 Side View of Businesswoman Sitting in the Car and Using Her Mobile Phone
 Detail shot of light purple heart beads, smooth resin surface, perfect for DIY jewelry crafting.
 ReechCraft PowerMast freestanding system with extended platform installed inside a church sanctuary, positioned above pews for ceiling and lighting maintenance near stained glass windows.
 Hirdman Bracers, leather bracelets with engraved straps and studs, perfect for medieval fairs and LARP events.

---

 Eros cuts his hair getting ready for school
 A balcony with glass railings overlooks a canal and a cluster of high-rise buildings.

Task details →
Print exactly the lines above, between the one holding "Side View of" and the one holding "ReechCraft PowerMast freestanding", inclusive, and nothing besides.

Result of the task →
 Side View of Businesswoman Sitting in the Car and Using Her Mobile Phone
 Detail shot of light purple heart beads, smooth resin surface, perfect for DIY jewelry crafting.
 ReechCraft PowerMast freestanding system with extended platform installed inside a church sanctuary, positioned above pews for ceiling and lighting maintenance near stained glass windows.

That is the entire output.